The president of one of the nation’s most renowned historically black universities is calling on his students to channel their feelings "into something durable," and be catalysts for change, as the country marks another weekend of unrest over the death of George Floyd.

"They have inherited a significant problem that they did not ask for," Wayne A. I. Frederick of Howard University in Washington, D.C., told "America's News HQ" co-anchor Arthel Neville. "They inherited a system that is prejudice against people of color, against those who are disadvantaged, and so they must, by their studies and by their careers, make sure that there are policies on the books, that there are lawmakers at the table at the time of the discussion to change those things.

"They must do those same things on a broader level than the generations before them have done," Frederick said.
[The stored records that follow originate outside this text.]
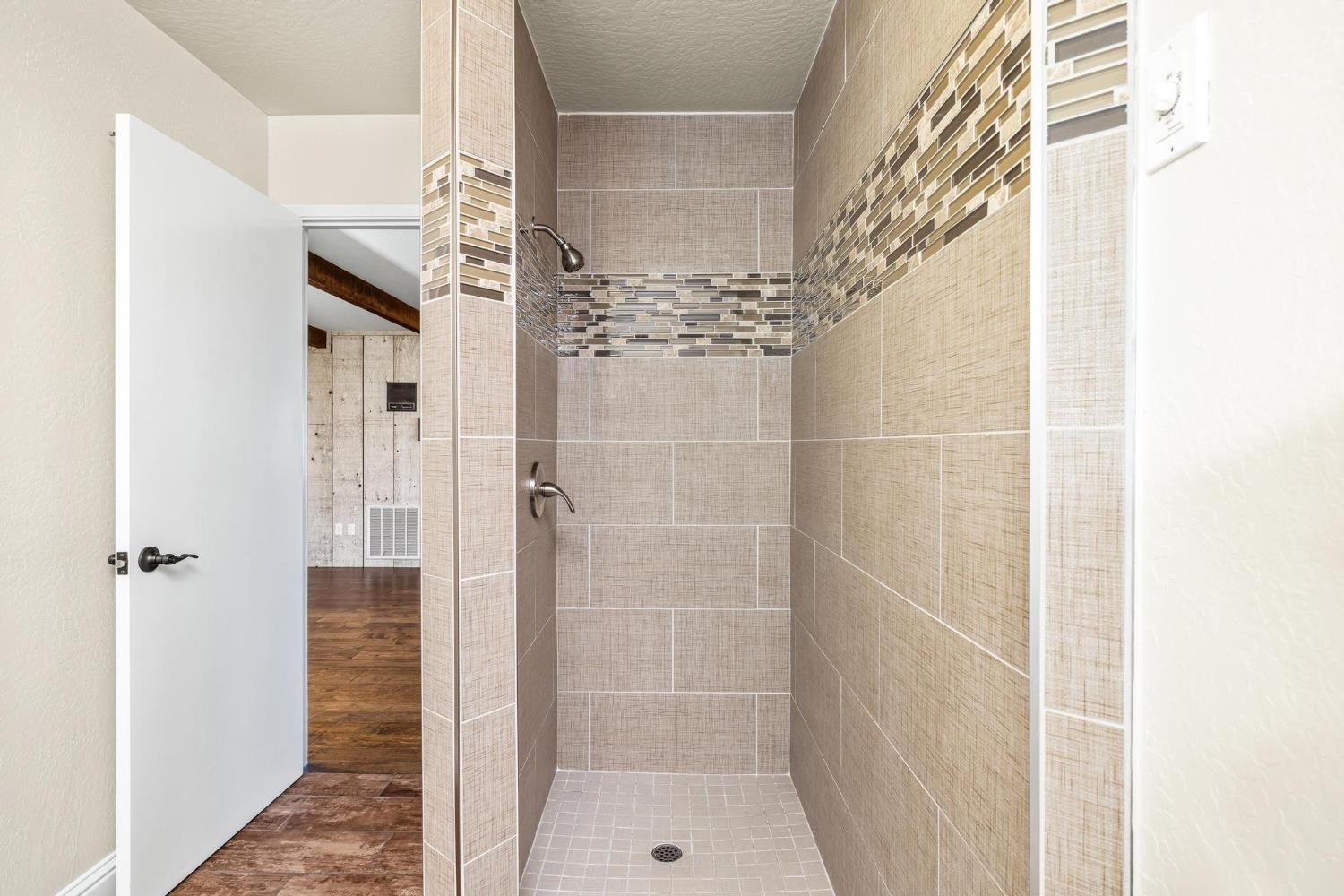 771 Mother Shipton Road Copperopolis, CA 95228 - Photo 30 of 72 Guest Suite walk-in shower.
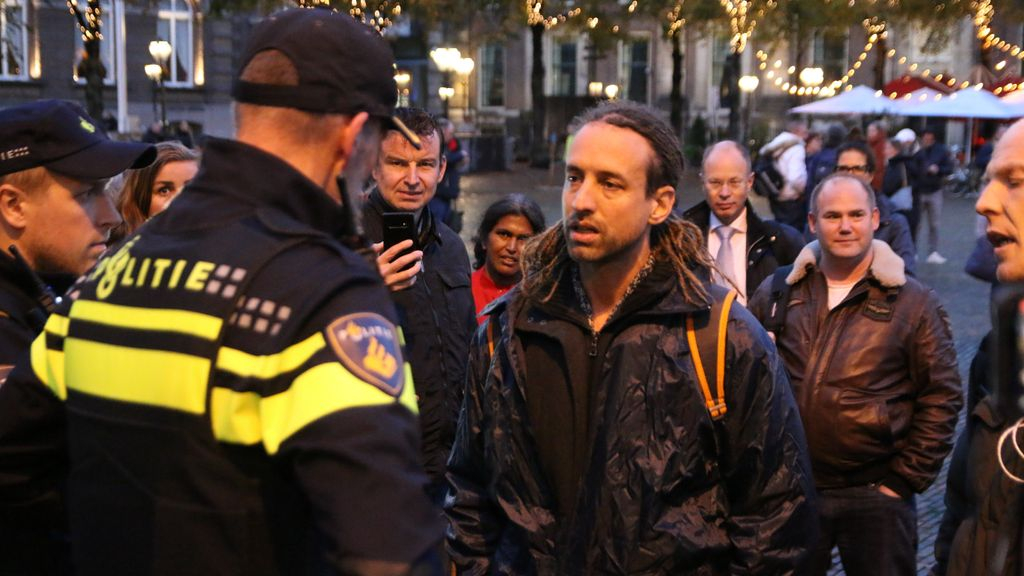 Foto: Tienduizenden aangiftes tegen Engel na Harderwijks initiatief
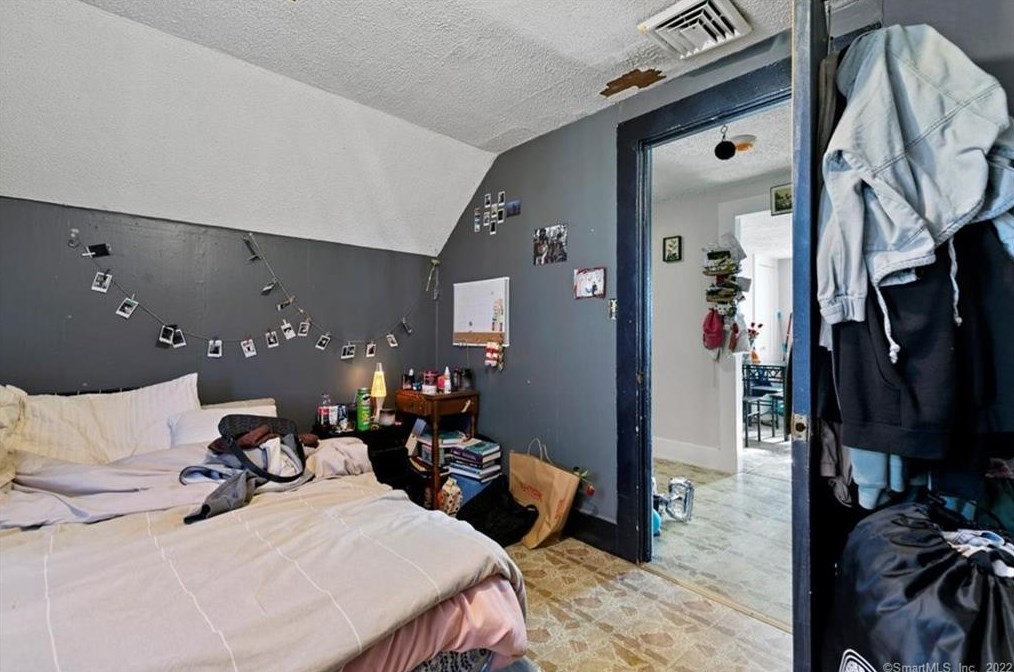 448 Ferry St, New Haven CT 06513-3618 exterior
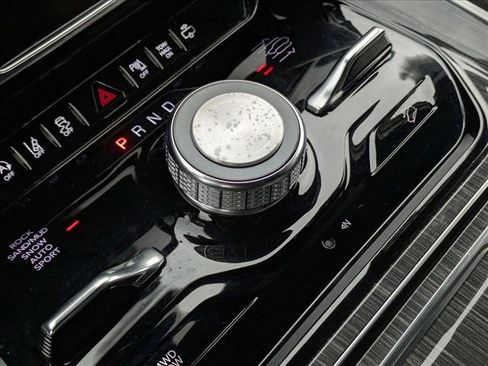 Used 2022 Jeep Wagoneer Series III w/ Flexible Seating Group image 12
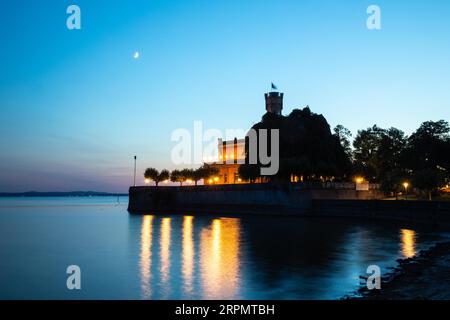 Château de Montfort à l'heure bleue, été, Langenargen, Baden-Wuerttemberg, Allemagne Banque D'Images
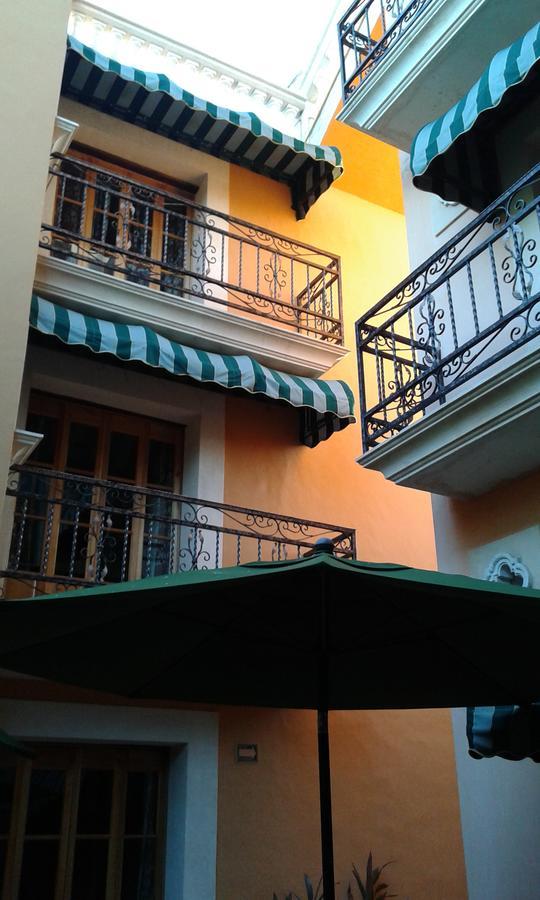 Cancun International Suites Экстерьер фото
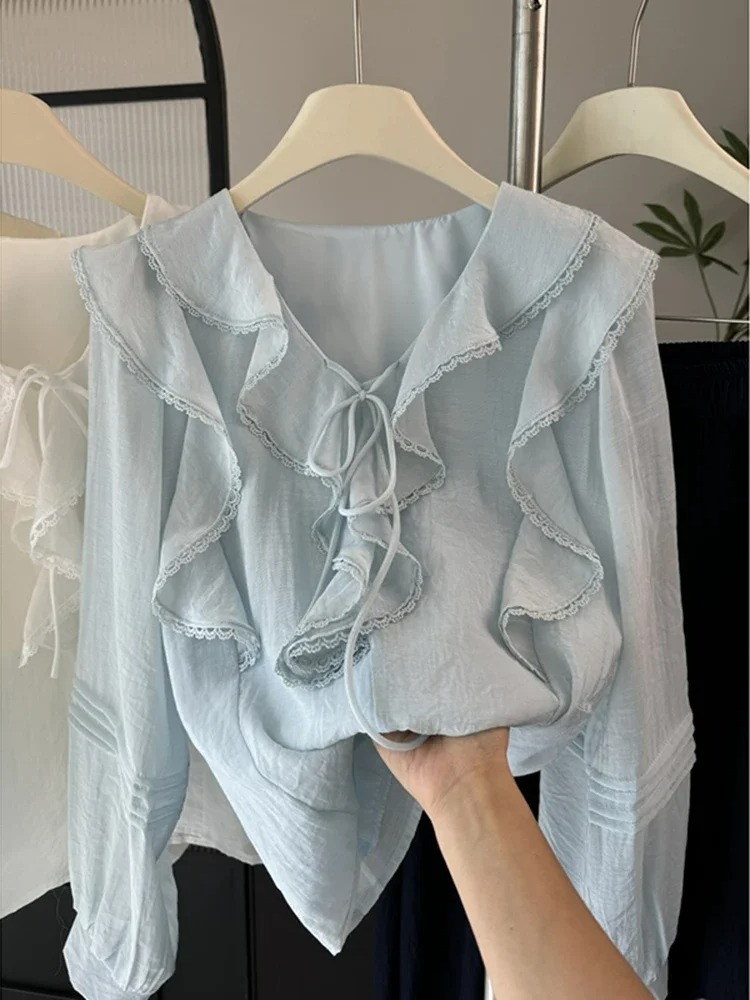 Embroidery A - Французская блузка с V-образным вырезом и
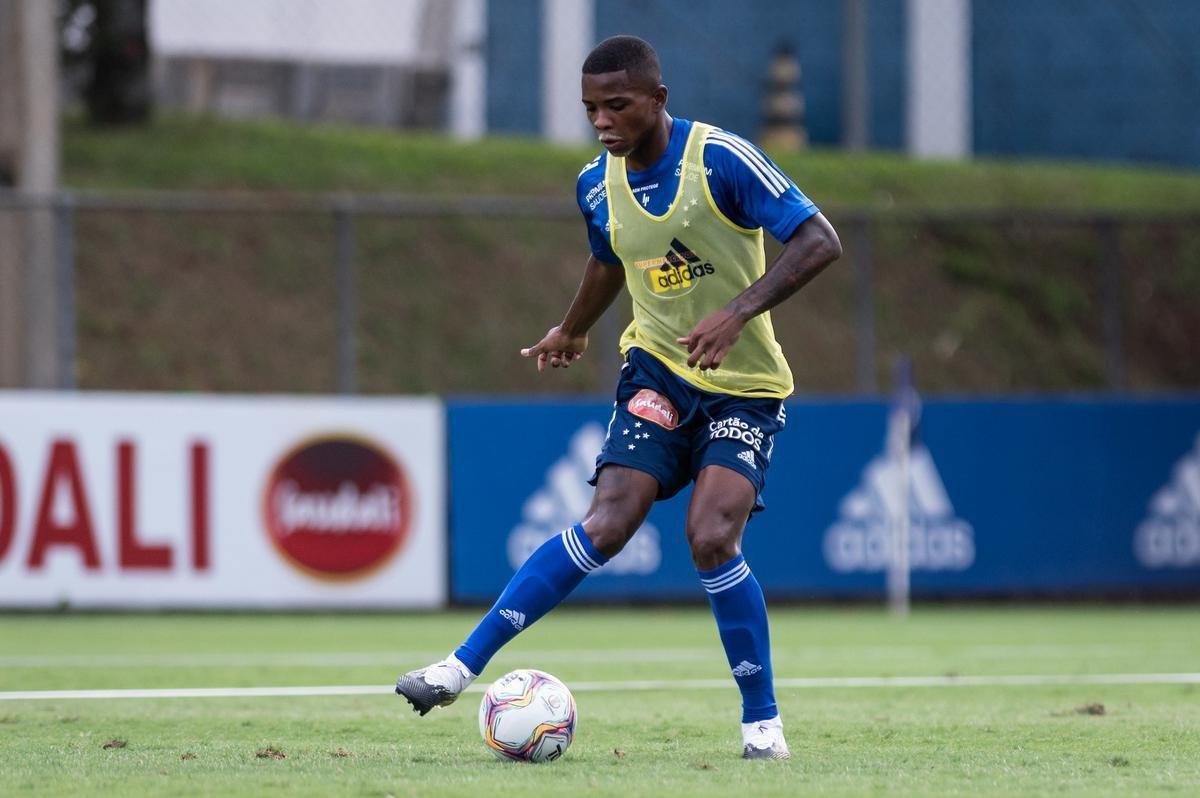 Imagens do primeiro treino do Cruzeiro antes do jogo contra o Cuiabá, pela Série B do Campeonato Brasileiro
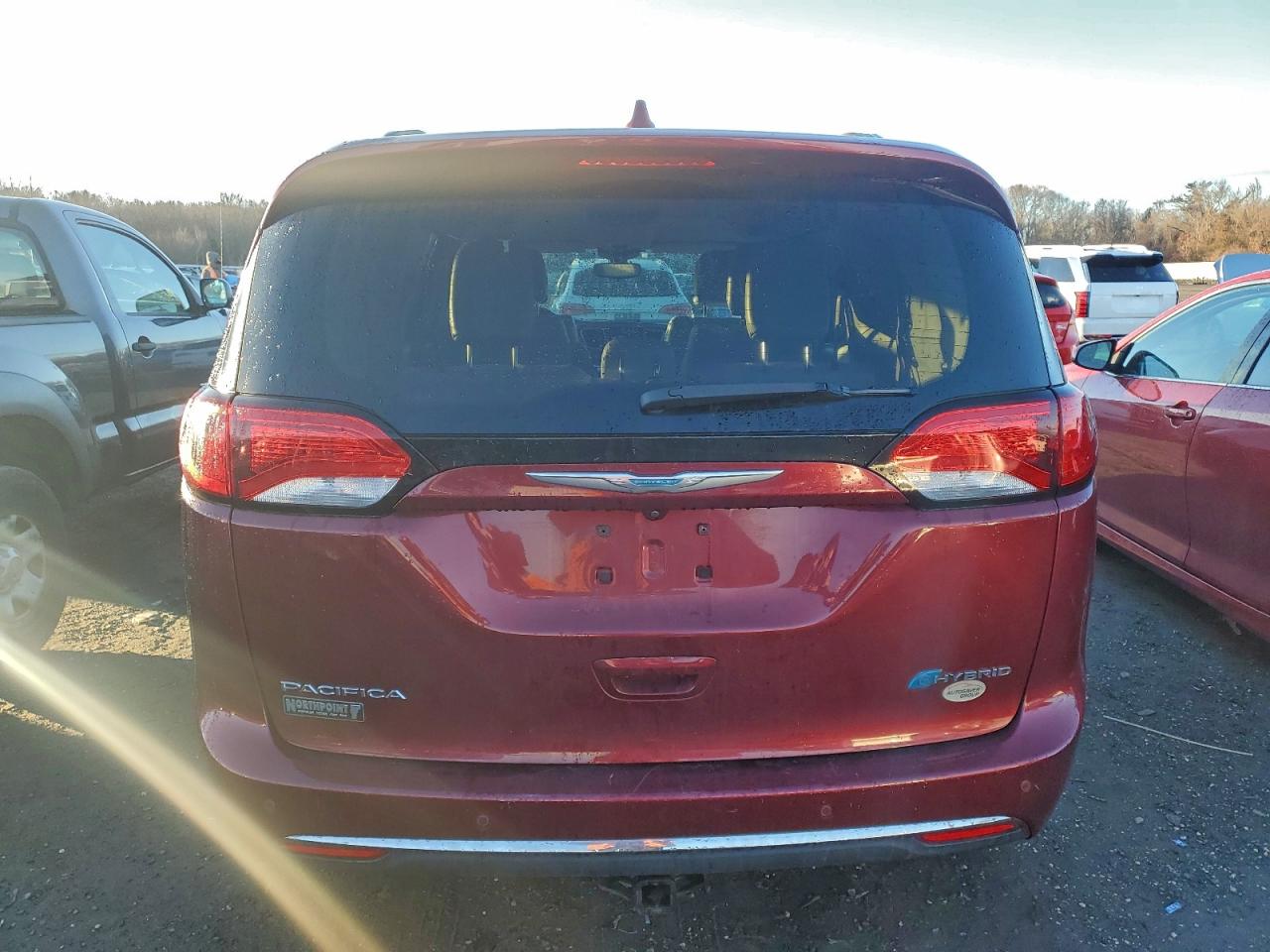 Chrysler Pacifica Hybrid Touring L Image 7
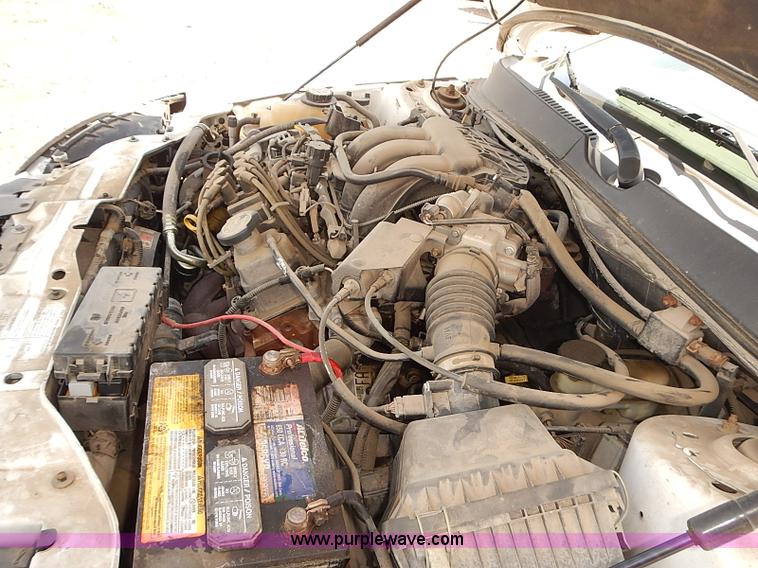 image for item E7776 2006 Ford Taurus SE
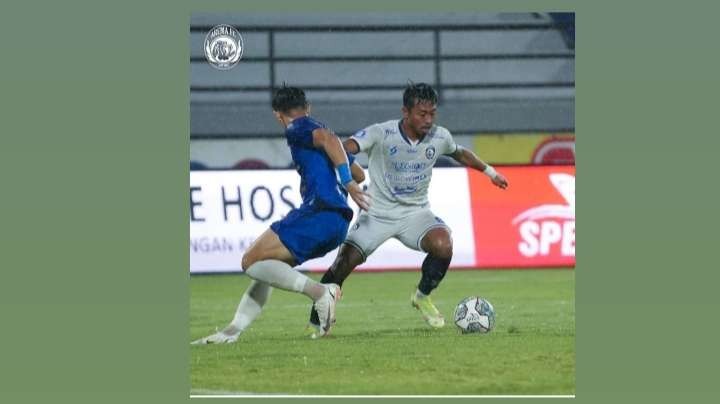 Skuad Arema FC saat laga kontra PSIS Semarang (Instagram:@aremafcofficial)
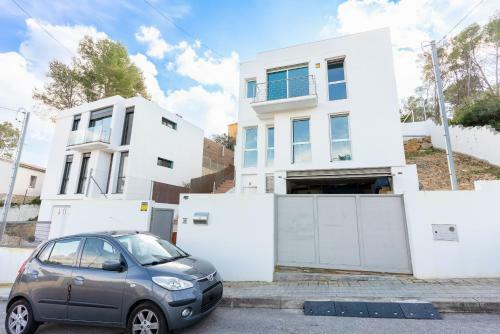 Villa Senia, Close To Sitges With Private Pool
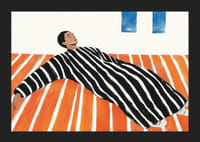 Muž pokojne odpočíva na farebnej podlahe-5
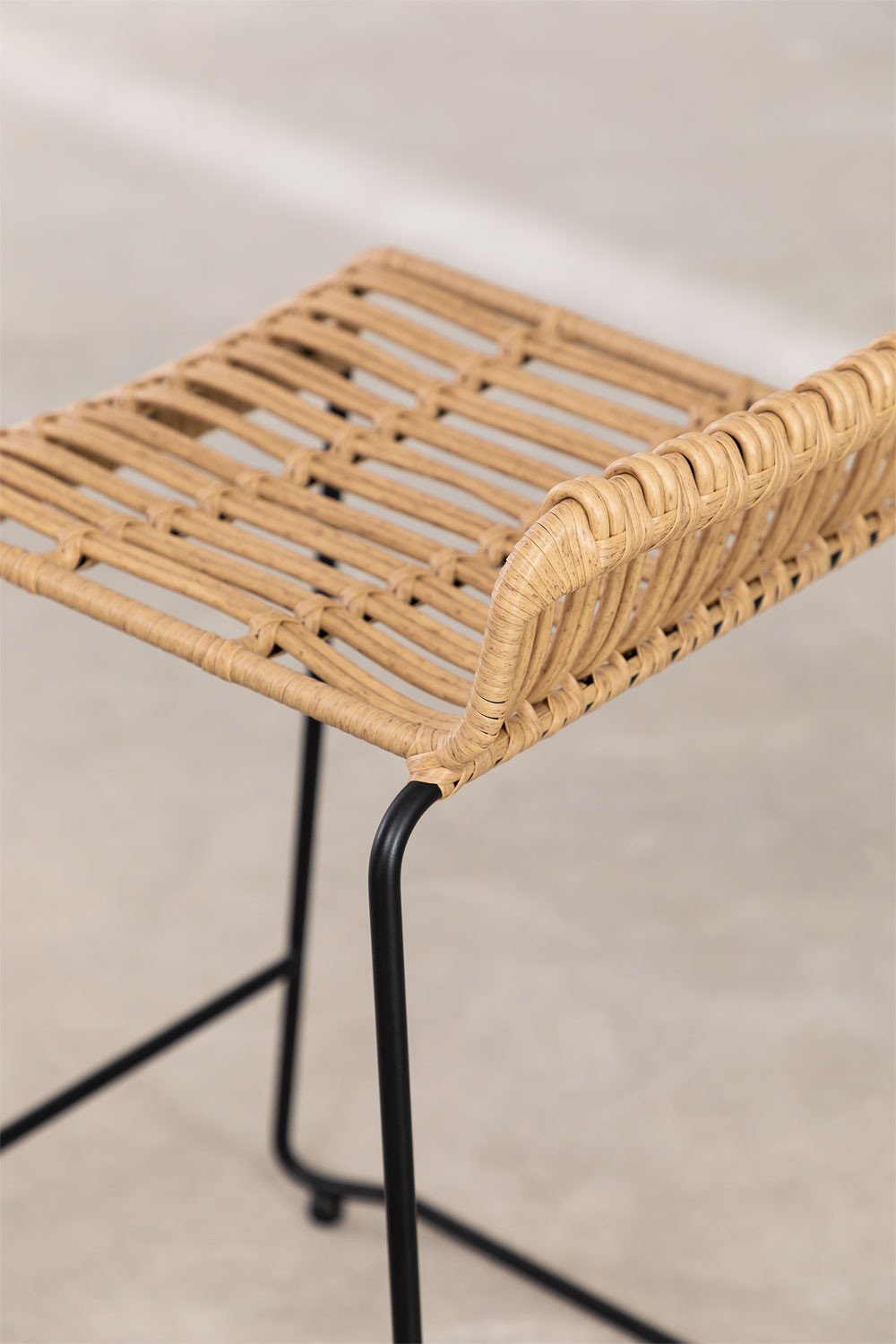 Hoge tuinkruk 65 cm van rotan en zwarte poten Aroa, galerij beeld 8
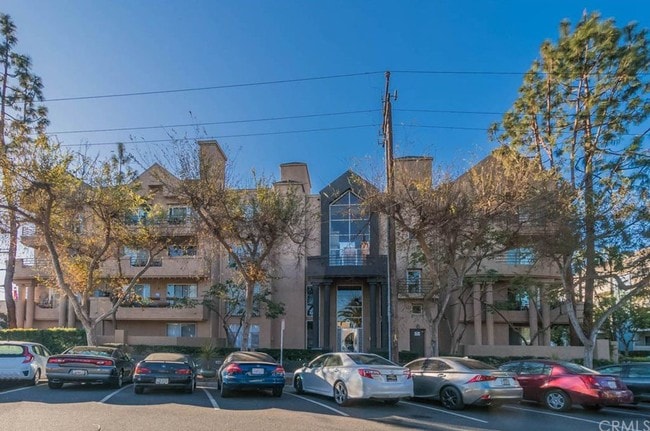 Photo - 640 W 4th St Unit 414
Frederick recounted a "difficult" conversation he had with his 15-year-old son one night while watching the coverage of Floyd's death and the national outrage that followed.

"You are matriculating through Howard University for a purpose that is greater than yourself."

— Wayne A. I. Frederick, Fox News

"Should I just fall to the ground if a cop approaches me?" his son asked.

"I got to tell you, it was difficult. I couldn't make eye contact with him," Frederick said.

"I never looked him in his eye when I said to him, 'no, you should stand your ground, you should firmly, and address the officer respectfully, but let him know who you are, what you are about and what you're going to do.'

"I have to be honest with you," he added, " that’s not a conversation I felt comfortable with and I did not feel comfortable that even that would save his life -- and that means that real change has to be brought about."

In a letter addressed to Howard University students, Frederick acknowledged that while "it's okay to be angry," and "feel numb," students should "take those feelings and channel them into something durable. Write about it. Sing about it. Participate in the electoral process and vote about it."


He went on, "No pandemic, no declining economy, no period of prosperity and no cure for every medical ailment will undo or hide the realities of the black experience." Frederick continued, "We must bring consistency to that struggle and focus our intellect and passion daily to prepare for the hard work that must be done to confront evil and systemic oppression. As students remain vigilant about your studies, you are matriculating through Howard University for a purpose that is greater than yourself. "

Frederick told Neville that despite experiencing a "range of emotions" during this time, as a parent of two African-American teenagers, he has been forced "to have hope for them, hope for the future, but that hope can only come about with real tangible change."


He continued, "While there is despair, worry and concern, I have to look into their eyes and see they will live in a better America as long as there's change that takes place."

Fox News' Arthel Neville contributed to this report.